Washing machine plucker

lilwhispers

Songster
12 Years
Feb 13, 2008
151
1
144
Idaho
Has anyone built a plucker out of an old washer if so where can I get the plans? I have 2 old washers in my basement and would like to convert at least one maybe both. I am hoping to raise 100 chickens this coming year 50 auracanas and 50 cornish cross. I HATE (with a passion) plucking, it is so much easier to skin em but if I had a plucker than I could still have that crispy skin, mmmmm.
Any help would be greatly appreciated
 
Has anyone actually built one of these, besides the guy in this video?
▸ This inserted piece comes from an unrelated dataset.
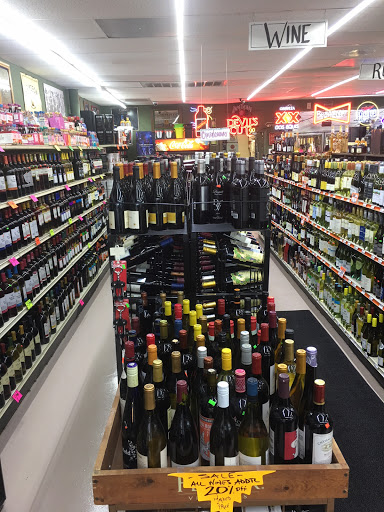 Liquor Store «The Liquor Store #5», reviews and photos, 2112 Holly Hall St, Houston, TX 77054, USA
We want to build one but don't have any idea about the motor and switches and stuff; do you just use the washer motor? And rewire the switches to the front?
 
I am currently in the process of building one. I have seen many that basically just put a normal pulley driven whizbang plucker inside the drum of a washer. Mine actually uses the motor and transmission that came with the machine. While this option is definitely cheaper it is harder to make and I worry about the durability of the motor and plastic gears. I had to remove the center shaft that drove the agitator and shorten the outer shaft that drove the drum. I also had to shortened the bushing this shaft rides in to put my featherplate as low as possible in the drum. I completely removed the factory controls and just hard wired the slow speed spin cycle directly to power and installed a typical household light switch to turn it on and off. (Start with a working machine and figure out where power goes when its running the cycle you want.) My featherplate construction was identical to a normal whizbang (possibly the hardest part of this project). I used a sprocket from TSC as a flange and bolted it to the featherplate so it can attach to the shaft. It should be done in the coming weeks and I have found a few spent hens from a local farm to be my "test subjects". More in its performance to come.